Sabalenka l’avoue : Les Grands Chelems à 5 sets me rendraient invincible — découvrez pourquoi
US OPEN 2025 Women’s final Aryna Sabalenka (BLR) defeated Amanda Anisimova (USA) 6-3 7-6 (7/3) Photo © Ray Giubilo
Aryna Sabalenka et l’hypothèse des Grands Chelems en 5 sets : une vraie menace pour ses adversaires ?
À la veille d’Indian Wells, la numéro un mondiale Aryna Sabalenka a abordé de nombreux sujets en conférence de presse, parmi lesquels la proposition, de plus en plus débattue, d’étendre les matches de Grand Chelem féminins à cinq sets. Sa position est sans équivoque : physiquement solide et dotée d’un tempérament combatif, elle estime qu’un format en cinq manches pourrait lui permettre de remporter davantage de titres majeurs. Au-delà de la simple provocation, cette déclaration invite à une analyse technique et stratégique sur ce que signifierait réellement une telle réforme pour le circuit féminin.
Un profil taillé pour la longueur
Sabalenka n’est pas une joueuse comme les autres : puissance dévastatrice, explosivité au service et capacité à dicter l’échange depuis la ligne de fond. Mais ces attributs ne suffisent pas à expliquer pourquoi elle se sent favorisée par l’idée des cinq sets. À mes yeux, ancien joueur et observateur du haut niveau, plusieurs facteurs expliquent cette confiance.
Avantages et pièges du passage au 5 sets pour les joueuses
Transformer le format des Grands Chelems au féminin serait loin d’être anecdotique. Voici, d’après mon expérience, ce que cela changerait concrètement :
Impact sur la préparation et la saison
Si l’on passait aux cinq manches, l’entraînement devrait évoluer : davantage de travail spécifique d’endurance, des séances de musculation adaptées pour préserver la puissance sur la durée, des protocoles de récupération renforcés (cryothérapie, nutrition, physiothérapie). Les équipes techniques seraient obligées de repenser la planification annuelle des joueuses afin d’éviter le surmenage lors des périodes clés.
Conséquences tactiques pendant les matchs
Un match de cinq sets modifie profondément la gestion du momentum. Sur trois sets, une mauvaise entame peut être difficile à remonter ; sur cinq sets, l’oscillation des fortunes est plus marquée et la capacité à négocier les moments décisifs devient primordiale. Sabalenka, par son jeu de puissance et sa propension à dicter le point, pourrait profiter d’un second souffle lorsqu’un adversaire commence à flancher physiquement.
Le débat équité / spectacle
Au-delà des aspects purement sportifs, l’une des objections fréquentes au 5e set féminin concerne l’équité entre spectacle et santé des joueuses. Certains plaideront que le public verrait des rencontres plus épiques, d’autres mettront en garde contre le risque d’un calendrier surchargé et d’un accroissement des blessures. Il faut aussi considérer l’impact sur les diffuseurs et la programmation des tournois : des matchs plus longs compliquent la planification et peuvent augmenter les coûts logistiques.
Ce que cela signifierait pour la hiérarchie du tennis féminin
Si la réforme venait à être adoptée, on pourrait assister à une redistribution des forces. Les joueuses physiquement robustes et mentalement résilientes pourraient gagner en régularité dans les majors. À l’inverse, des joueuses au style basé sur l’explosivité et la finition rapide pourraient voir leurs chances réduites. Dans ce contexte, la parole de Sabalenka n’est pas une simple vantardise : elle identifie un élément structurel qui pourrait concrètement favoriser certains profils.

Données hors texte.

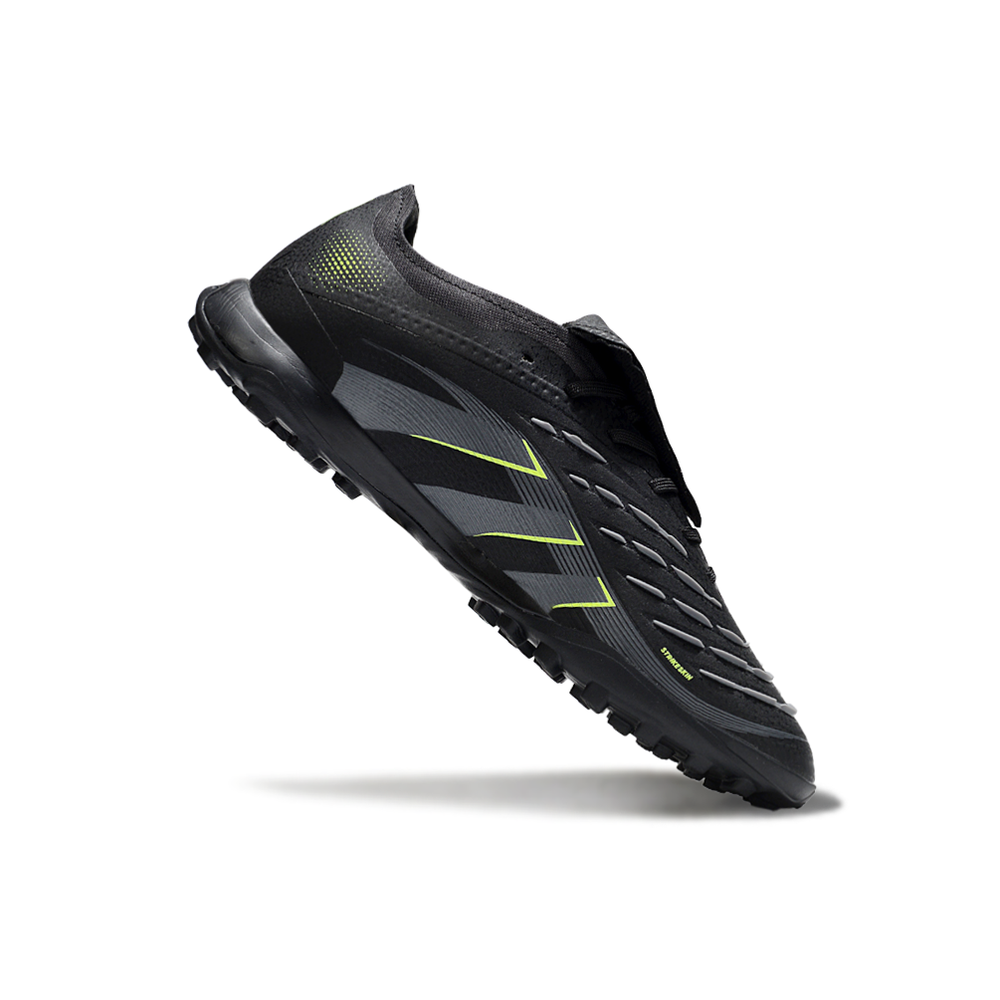 Chuteira Society Adidas Predator League Elite TF Preto e Verde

Quelques recommandations si la réforme était mise en place
La proposition de passer les Grands Chelems féminins à cinq sets relance un débat complexe mêlant performance, santé et spectacle. Pour Aryna Sabalenka, c’est une opportunité : son profil et son état de forme la placent parmi les favorites d’un tel changement. Reste à savoir si le tennis mondial est prêt à assumer les conséquences, médicales et organisationnelles, d’une réforme qui changerait durablement la physiologie de la compétition.